The show features more than 30 artists from countries ranging from South Africa to mainland China.
It aims to challenge “that old-fashioned notion that it’s just gangsters and sailors” who get tattooed, co-organiser Jay Foss Cole said.
Hong Kong’s lawyers, doctors and university professors all sport the skin designs, said Foss Cole, also known as Jay FC, and they also appeal to people in creative industries.
Visitors, many of whom wore revealing clothing to display their own prized body sketches, browsed through designs, chose new ones and checked out different marking pens and techniques.
Spectators were awestruck by the sight of four near-nude male models showcasing their colourful full-body tattoos in Japanese style.
“I got mine because I love it,” said one of the models. The work took 12 hours.
Others sprawled on the beds or chairs of tattoo artists and watched intently as intricate designs were inked onto their skin.
Historically, tattoos on younger Chinese have largely been the preserve of triad gangsters, but the designs have begun to gain popularity among the mainstream community in recent years.

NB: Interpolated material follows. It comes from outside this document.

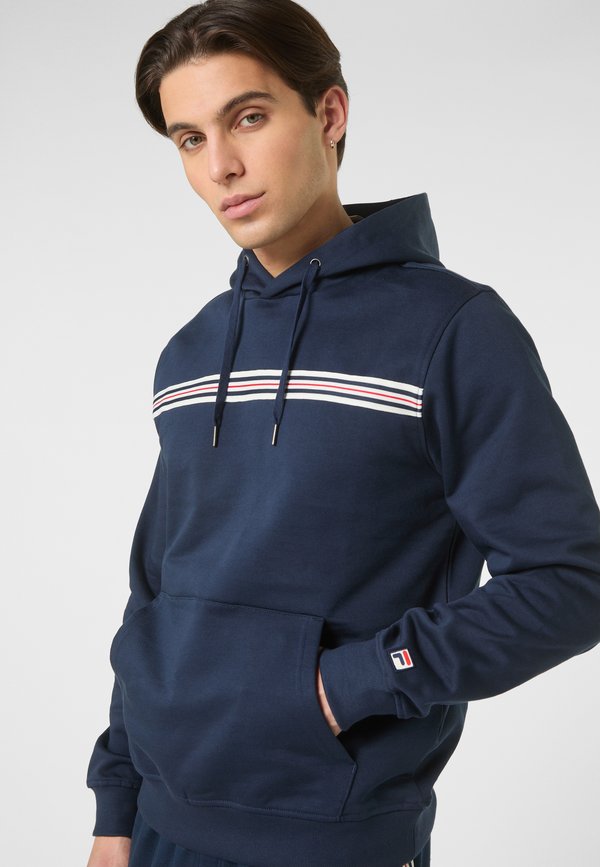 Fila APPAREL DIECIMO REGULAR HERITAGE TAPE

“Young people are changing their minds, not like before when they thought only mafia members wore them. Now it’s more like art,” Beijing-based tattoo artist Qi Xulong, known as “Little Dragon”, said.
“Long time ago, Chinese people in Beijing and Shanghai, they don’t think that tattoos are good,” Qi said, adding that now people increasingly use tattoos to express their identities.
Foss Cole said Hong Kong’s tattoo culture is improving. “There’s more artists, there’s better artists, there’s more style, and there’s never been anything like this,” he said of the show.
The convention, he said, shows that Hong Kong “has arrived as a world-class destination for tattoos and tattoo artists”.